Bene Bergado .- Hom@
09/Apr/2010 - 22/May/2010
Hom@ is BENE BERGADO’s fourth exhibition at Espacio Minimo Gallery and is made up of five sculptural works with which the artist continues the work process she has been developing in the recent years.
The museum taxonomies (from the Greek ταξις, taxis “ordering”, and νομος, nomos, “norm” or “rule”) understood as a system of classification with arbitrary conventions, are used by the artist to organize a series of bodies and open structures that include skeletons, cages, utensils, fragments of home interiors etc.
The titles of three of the works in the exhibition make reference to three different types of “homo”: Homo Sentimentalis, Homo Capitalensis and Homo Sostenibilis. These are three of the many possible types of that could exist in a hypothetical museum of contemporary human beings.
The work titled Homo Sentimentalis is based on the skeleton of a Goliath frog (the largest from in the world) up-scaled to a human dimension. It carries a crown which is a golden bronze cage, based on an earlier work from 2002.
The work Homo Capitalensis is created from the thorax of a human skeleton melted into a hard pool with one of its shoulder blades sticking out of its spine, creating thus a the shape of a shark fin.
Utensilios de Homo Sostenibilis is a work made up of a group of laquered bronze plates. Mirroring the visual style of traditional golden decorative friezes, these carry inscriptions of international symbols for toxic, radioactive and biological hazards. Each plate has bite marks where parts are missing. For it part Cabeza de Homo Sostenibilis seems materially similar to the previous work yet we find that inside, instead of bronze, we find it has been crafted with recycled plastic residues.
The last works in the exhibition are Casa de Fieras and the first work in her new series Habitats Naturales which kicks off a new body of work.
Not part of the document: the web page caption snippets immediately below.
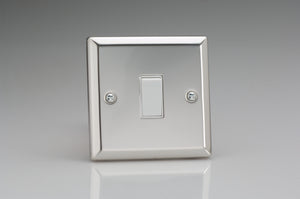 Varilight XC7W - 1-Gang 10A Intermediate Rocker Switch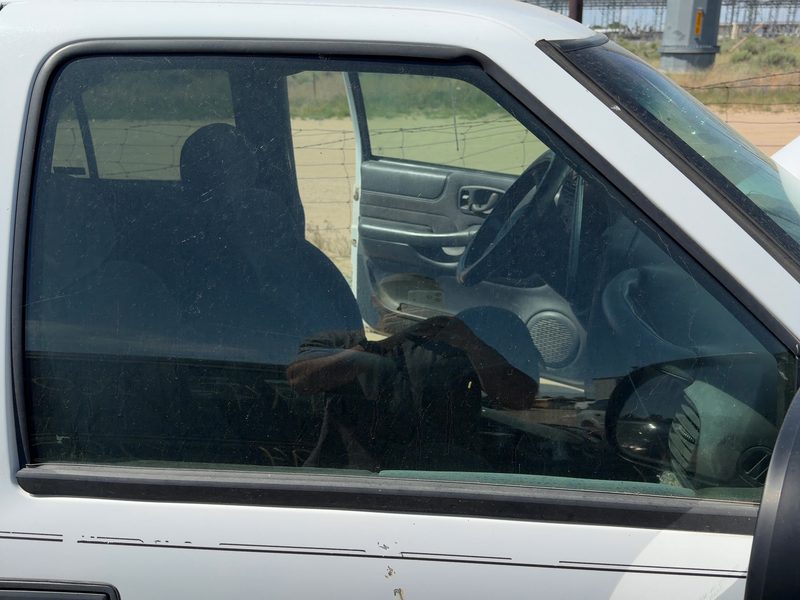 1994-2005 Blazer S10/jimmy S15 Front Door Glass/Window RH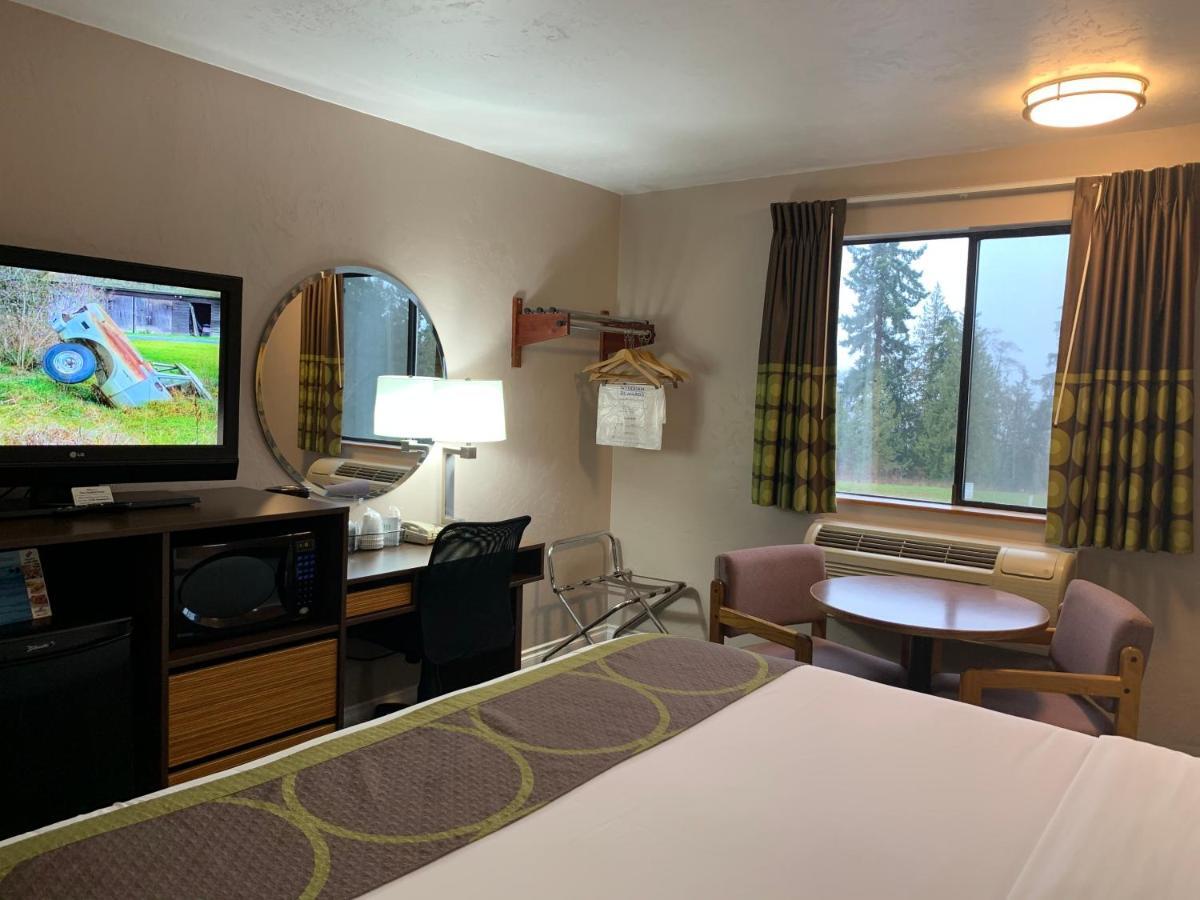 Super 8 By Wyndham Port Angeles At Olympic National Park Motel Kültér fotó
The work shows a section from a real home where the skeletal remains of a small humanoid being lie near a sealed trapdoor. The title makes reference to the 19th Century name for what are now our zoos.
The starting points for each of these works are very different to each other. They emerge from desires, personal and formal interests. Many of the works have a slow production process which gices them time to contaminate each other.
The museum system of clasification allows the artists to give the group of works a sense of order and reasoning.
BENE BERGADO (Salamanca, 1963), graduated in Fine Art at Universidad del País Vasco. In 1987 she was awarded the Artistic Creation Scholarship form Diputación Foral de Vizcaya and she was Professor at the Fine Art Department of the Universidad del País Vasco from 1987 to 1997. She currently live and works in Madrid.